Updated cerbot client 0.40 -> 1.32.2 and http challenge fails

I ran this command: sudo certbot -v certonly --webroot -w /var/www/dev.pirkanmaa.fi/html/.well-known/acme-challenge/ -d dev.pirkanmaa.fi --dry-run

It produced this output:

Fetching http://dev.pirkanmaa.fi/.well-known/acme-challenge/Ue9OvUFudTNdS4Yx-AKK3-TkIS73_kecRO_RViy-IEs: Timeout during connect (likely firewall problem)

My web server is (include version): nginx/1.18.0

The operating system my web server runs on is (include version): Ubuntu 20.04.5 LTS

I can login to a root shell on my machine (yes or no, or I don't know): Yes

The version of my client is (e.g. output of certbot --version or certbot-auto --version if you're using Certbot):
certbot 1.32.2

Hi,

I have access to http://dev.pirkanmaa.fi/.well-known/acme-challenge/test.html and firewall rules for NGINX full is present.

Your firewall is blocking port 80 or there is nothing listening on that port. That in itself is probably unrelated to upgrading certbot unless you previousl had renewal hook to open your firewall.

3 Likes

Hi, thanks for the quick reply.
I did ran lsof -n -i:80 to find out whether the 80 port is listened:
lsof -n -i:80

COMMAND PID USER FD TYPE DEVICE SIZE/OFF NODE NAME
nginx 28734 www-data 8u IPv4 28701 0t0 TCP *:http (LISTEN)
nginx 28734 www-data 9u IPv6 28702 0t0 TCP *:http (LISTEN)

And UFW status has both 80 and 443 opened.

If your machine is hosted in a cloud hostting platform check the network rules there as well.
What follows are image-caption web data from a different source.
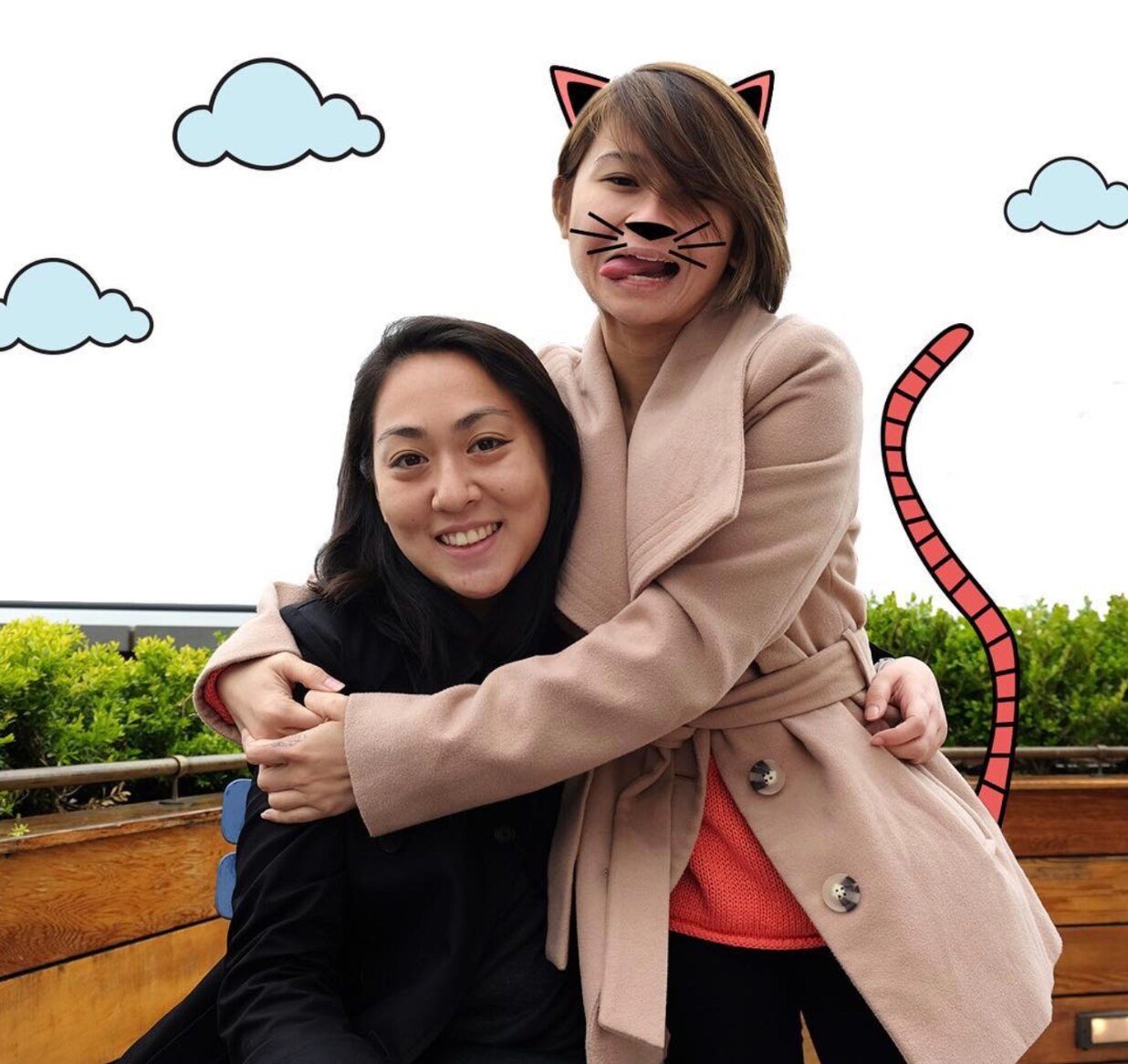 Graphic art of 2 Asian girls smiling with graphic art drawn on one of them with a cat’s ears, whiskers, and tail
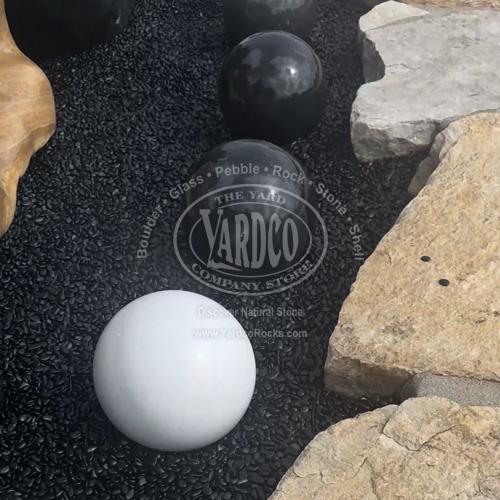 Black and white marble sphere with bold veining and a polished surface.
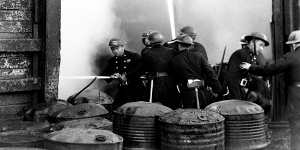 Fighting the fire at number 7 wharf,Cambell's Cove,near Circular Quay. 2nd August 1944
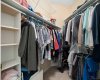 Primary bedroom, walk-in closet with organizers.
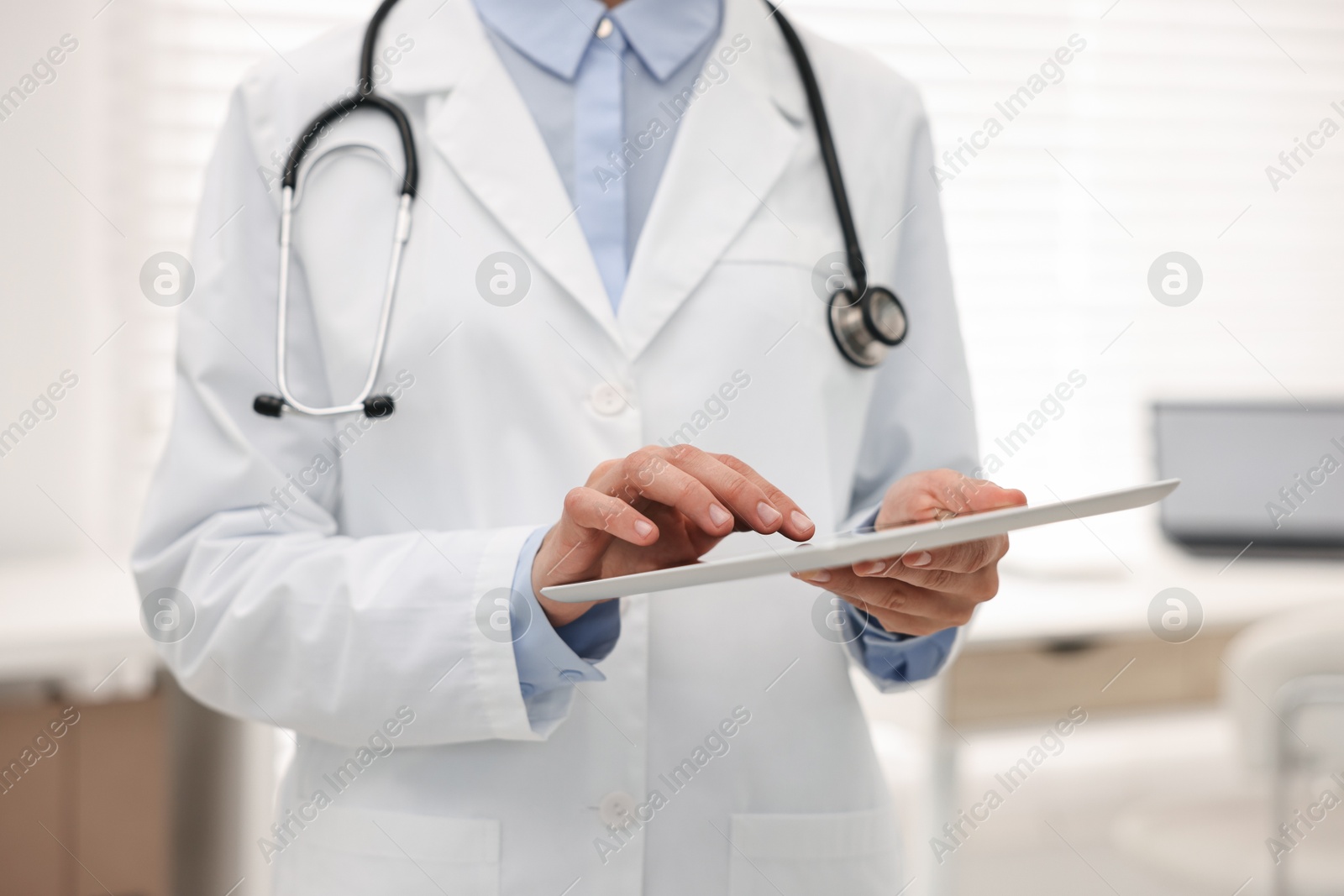 Photo of Doctor using tablet in hospital, closeup view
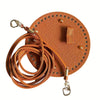 A round, tan leather bag hardware kit featuring a strap and metal findings.
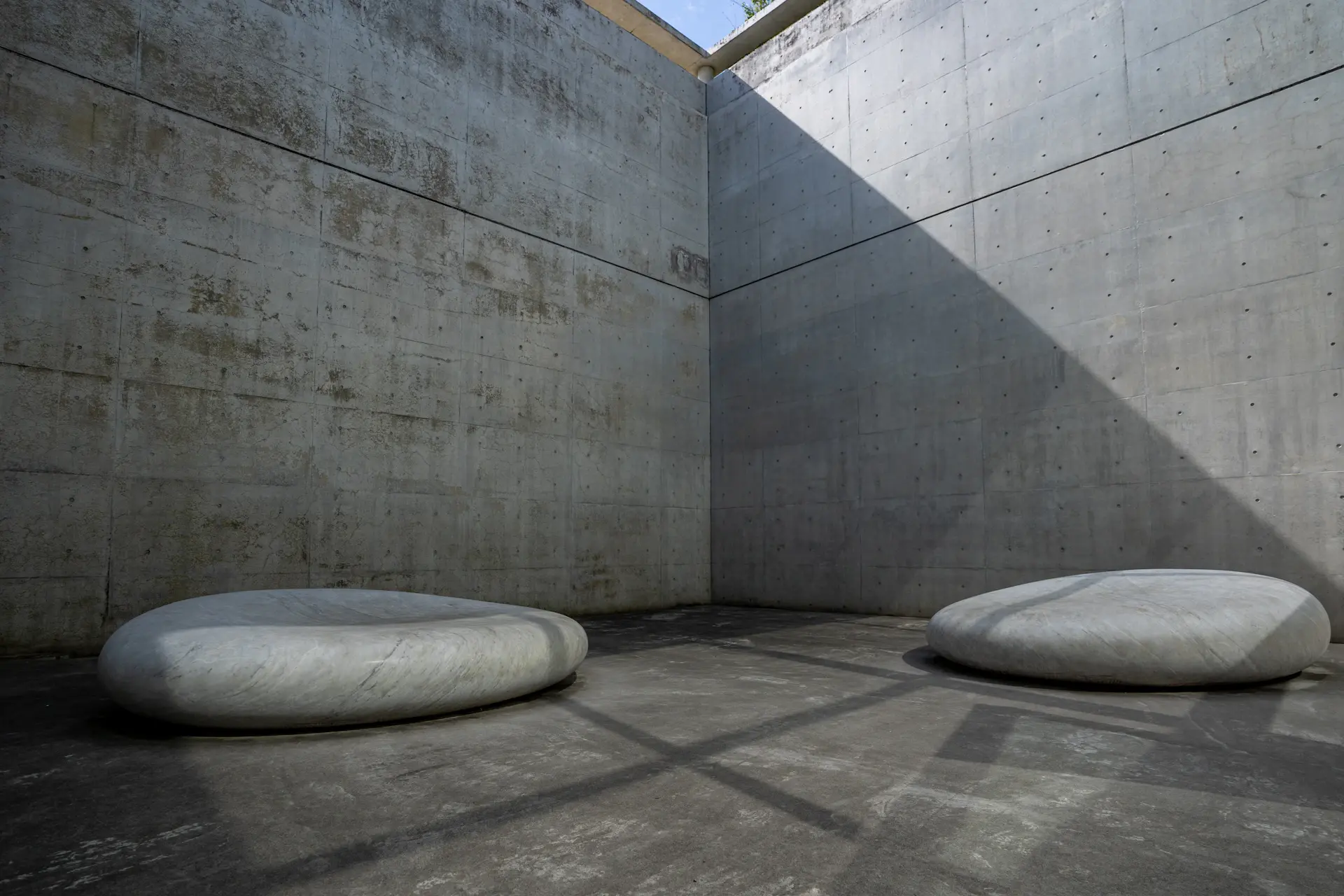 Shaft of daylight across a minimalist stone interior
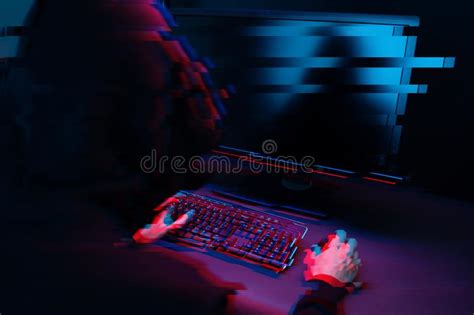 Hacker In The Hood Working With Computer Typing Text In Dark Room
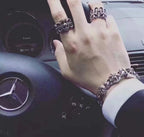 Silvertone floral rings on hand with a matching bracelet cuff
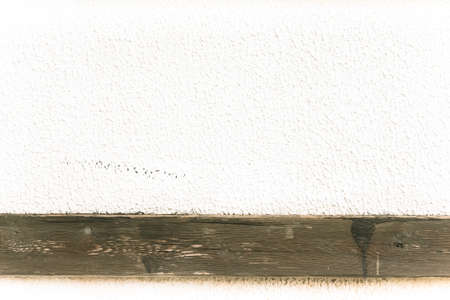 Light plastered wall with wooden stripes for background. Close up detail. Toned.の写真素材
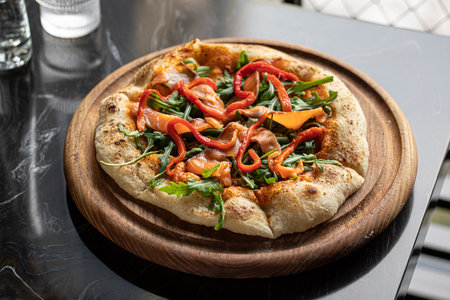 Portion of pizza with baked pepperの写真素材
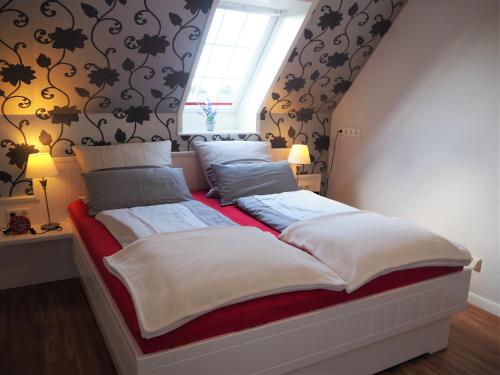 A bed or beds in a room at Suite in Nieblum - Martina Christiansen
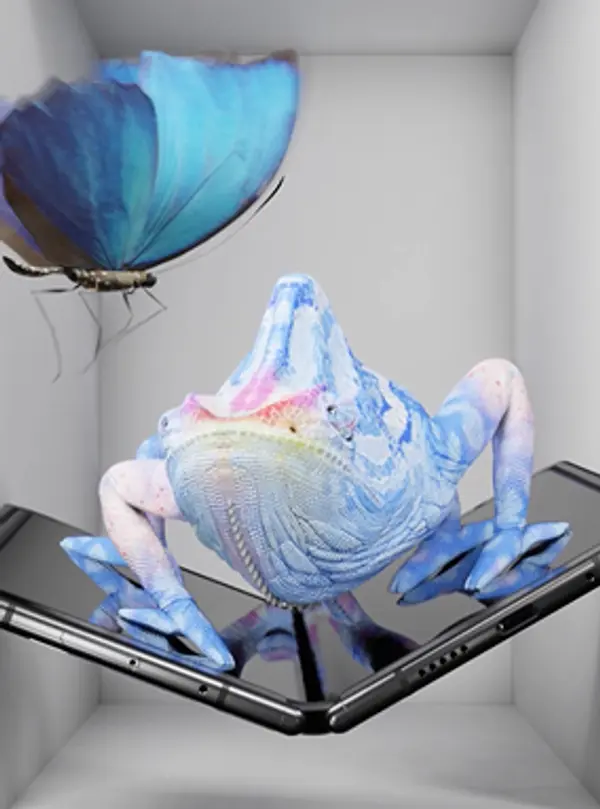 3D render of a photorealistic chameleon sitting on a Google Pixel Fold and looking at a butterfly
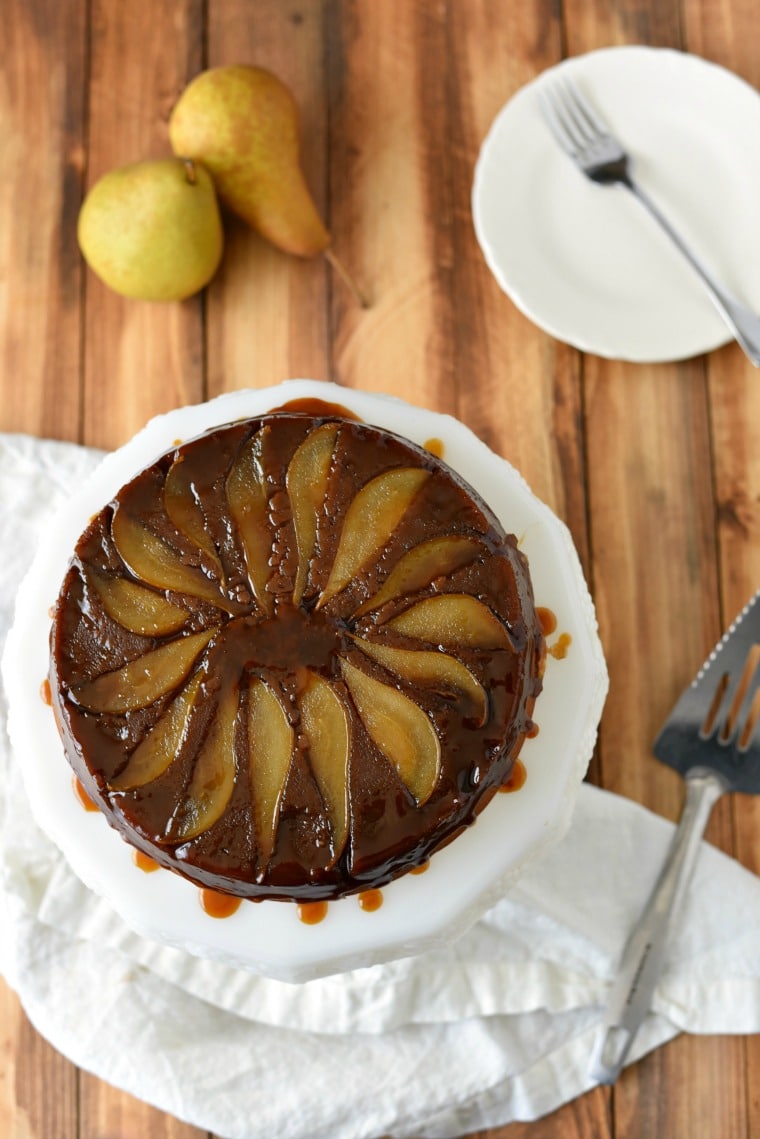 Pear gingerbread cake on a white plate sitting on a wooden table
If I try to browse to http://dev.pirkanmaa.fi/ it does not connect (I'm in Australia), also sure you don't block geographically as Let's Encrypt could be validating your domain from a different country.

Try an online tool to check your site from different countries.

5 Likes

Hi, that could be it. We had issues with dos attacks and we blocked all except EU.

I need to ask service provider to relax the blockade.

Either that or use DNS validation (or acme-dns etc) instead, that way you can get your cert even without having ports open.

4 Likes

DNS validation sounds even better, i will look into it.

1 Like

Hi, webprofusion. Thank for your assistance. Our country block was one piece of puzzle and it help us to right direction. I had valuable help from our service provided and now it is working.

Take note that there is nginx pearl module (50-mod-http-perl.conf) which needs to be removed. For some reason it interferes with certbot and nginx. Is there some way I can boost your rep or something?

2 Likes

Here, you can mark a post as a "solution" and give posts "likes".
You could also create a topic in "Praise" category if you think anything/anyone merits that much too.

Outside of here... is the rest of Internet - I'm not going to even try covering all that - LOL

4 Likes

This topic was automatically closed 30 days after the last reply. New replies are no longer allowed.